On Monday, March 23, President Trump announced a 5-Day pause on strikes against Iranian energy infrastructure. The decision added $1.7 trillion to US stocks, crashed oil prices by 15%, and sent Bitcoin above $70,000. That pause is now extended until April 6.
But Tehran called these claims ‘fake news’, and Israel already violated Trump’s pause. Almost all of these financial gains vanished within a week. So, did Donald Trump actually have productive talks with Iran, or was it just a ploy to benefit financial markets and have big players cash out?
The sequence starts Saturday, March 22. Trump posted a 48-hour ultimatum on Truth Social demanding Iran reopen the Strait of Hormuz or face strikes on its power plants.
That deadline was set to expire Monday evening, with traditional markets fully open and exposed.
Instead of following through, Trump posted at 7 a.m. ET Monday, claiming “very good and productive conversations” with Tehran. He announced a 5-day postponement of all energy infrastructure strikes.
The 5-day window expired Saturday, March 28. Not a random day.
If escalation resumes, it lands in the same low-liquidity window that has preceded every major Trump-era market shock since mid-2025.
Markets moved before the announcement went live. Between 6:49 and 6:50 a.m. ET, roughly 6,200 Brent and WTI futures contracts changed hands with a notional value of $580 million.
The average for that same minute over the prior five trading days was approximately 700 contracts, according to Bloomberg data reported by the Financial Times.
At the same time, $1.5 billion in S&P 500 futures were purchased. That single order pushed the index 0.3% higher instantly. Fourteen minutes later, Trump’s post dropped. By 7:10 a.m. ET, the S&P 500 had gained roughly $2 trillion in value.
U.S. and UK regulators are reportedly reviewing the data. No charges have been filed.
“The massive spike in volume of trades right before that post is certainly enough to raise eyebrows, and I think to launch an investigation into what was behind that,” wrote CBS News, citing Stephen Piepgrass, a partner who specializes in futures trading at the law firm Troutman Pepper Locke.
Tehran’s response left no ambiguity. Parliament Speaker Mohammad Bagher Ghalibaf called it “fake news” intended to manipulate financial and oil markets.
The Foreign Ministry described it as psychological warfare aimed at lowering energy prices and buying time for more strikes. Officials acknowledged receiving messages through intermediaries but insisted no direct negotiations occurred.
The denial triggered an immediate reversal. Oil rebounded. Stocks gave back roughly half their gains. BTC pulled back after briefly reclaiming $70,000, leaving $265 million in crypto shorts liquidated within 15 minutes.
Monday was not the first time. BeInCrypto has tracked 11 market-moving Trump announcements since November 2024, each following what traders now call the TACO pattern, a cycle of action, crash, reversal, and recovery.

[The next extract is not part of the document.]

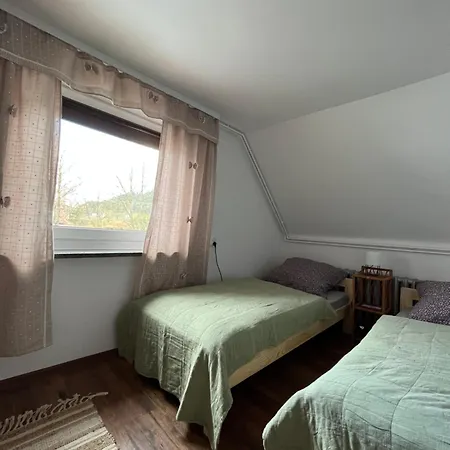 Pod Cisowcem * Sromowce Wyzne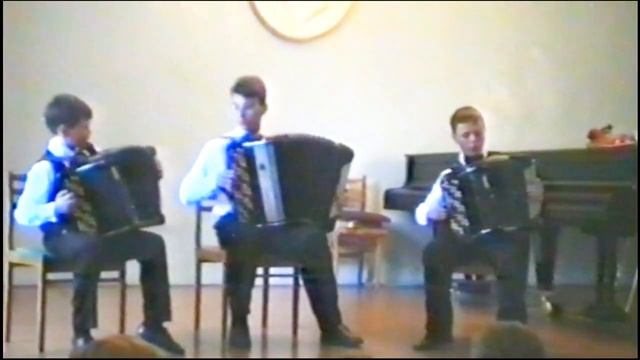 А.Корчевой "Мираж" Сибирское юношеское трио баянистов 2000 г.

Six confirmed Friday night strikes between June 2025 and February 2026 followed the same logic. BeInCrypto identified this as a repeatable 60-hour sequence across those events.
The Iran pause is the evolution. Instead of a Friday shock and a Monday walk-back, Monday itself became the vehicle. Ultimatum on Saturday. Relief on Monday. Next escalation window on Saturday again.
Oxford-based political scientist Richard Heydarian warned on the BeInCrypto podcast that the economic damage from the conflict could run into trillions while Trump’s tactical moves remain impossible to anticipate.
“Trump is strategically predictable, but tactically impossible to predict. We know what his endgame is. American hegemony, beyond question. But how to achieve that in such a complex world? No one knows,” Richard Heydarian told BeInCrypto.
Stanford economist Mordecai Kurz, also speaking on the BeInCrypto podcast, placed the dynamics within a structural problem of concentrated private power that leaves ordinary people exposed.
“There are so many concentrations of private power in America that this cannot continue… young people have a chance only if technology is made to serve people and policy serves people,” Kurz explained.
The 5-day clock expires Saturday. If the pattern holds, the next headline lands when markets are closed, and liquidity is at its weakest.
Across 11 documented events and 16 months, the pattern has not broken once.